About 3,000 religious scholars, government officials, ethnic elders and members of civil society attended a meeting in Kandahar on Thursday.

Among the key speakers was the supreme leader of the Islamic Emirate of Afghanistan (IEA) Mullah Haibatullah Akhundzada.

The media was however prevented from recording or filming Akhundzada’s speech.

Amir Khan Muttaqi, the acting Minister of Foreign Affairs, said at the meeting that the IEA wants good relations with the world, but that the foreign community should not expect relations to normalize immediately – not after 20 years of war.

Muttaqi said that while the IEA wants good relations with the international community, they expect the world to allow Afghans to live according to their beliefs and traditions.

He also said that they have made many achievements in building trade relations with countries in the region and currently the borders are open to Afghan traders who are now exporting their goods.

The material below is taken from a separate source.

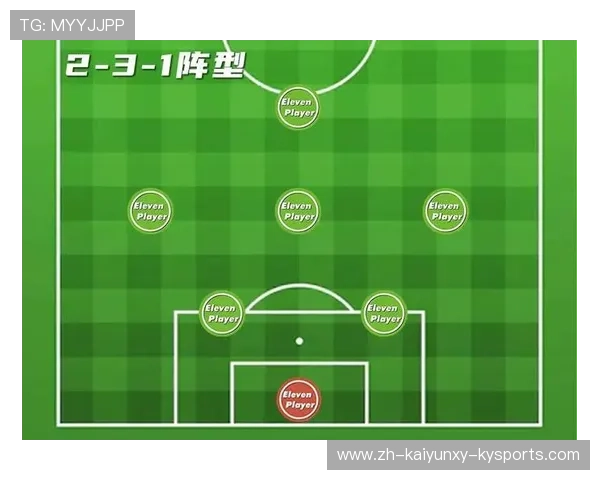 雪域绿茵兵法：足球战术的低温适应性研究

On the other hand, acting Minister of Vice and Virtue has said that the IEA has made countless sacrifices to end the occupation and establish an Islamic system in Afghanistan.

However, Afghans across the country are hoping that one of the outcomes of this meeting will be the decision to reopen schools for girls above Grade 6.

But it is not clear as to whether the subject was discussed at the meeting.

This is the second such meeting in as many months. The first one, two months ago, took place at the Loya Jirga Hall in Kabul.